**TASK OBJECTIVE**
Transcribe the listing below verbatim, omitting pictures.

**THE DATA**
--- START ---

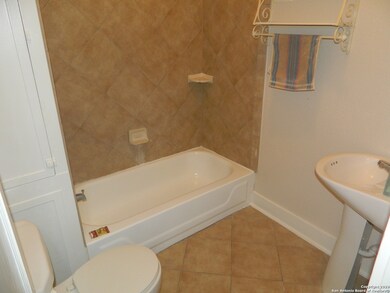 410 E Evergreen St unit B, San Antonio, TX 78212 - photo 7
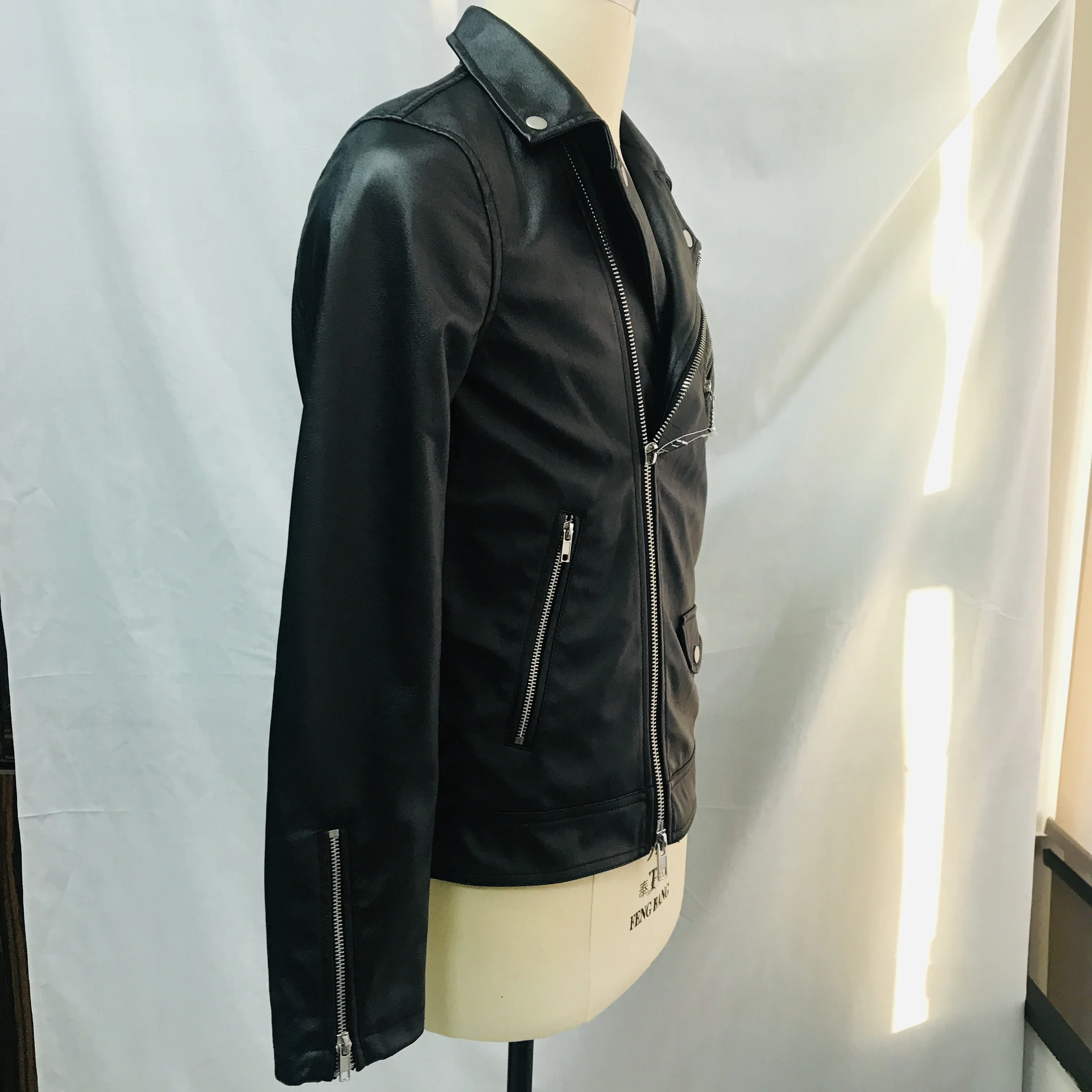 Сделанная на заказ в Китае женская короткая черная кожаная куртка с отложным воротником Куртки из искусственной кожи для девочек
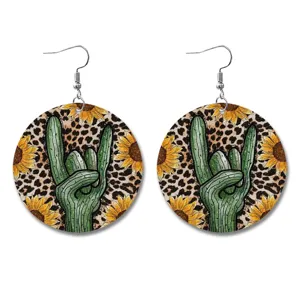 Westerse retro stijl ronde lederen oren met cactus rock teken, zonnebloem en luipaardprint.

--- END ---

**RESULT OF THE EXERCISE**
 410 E Evergreen St unit B, San Antonio, TX 78212 - photo 7
 Сделанная на заказ в Китае женская короткая черная кожаная куртка с отложным воротником Куртки из искусственной кожи для девочек
 Westerse retro stijl ronde lederen oren met cactus rock teken, zonnebloem en luipaardprint.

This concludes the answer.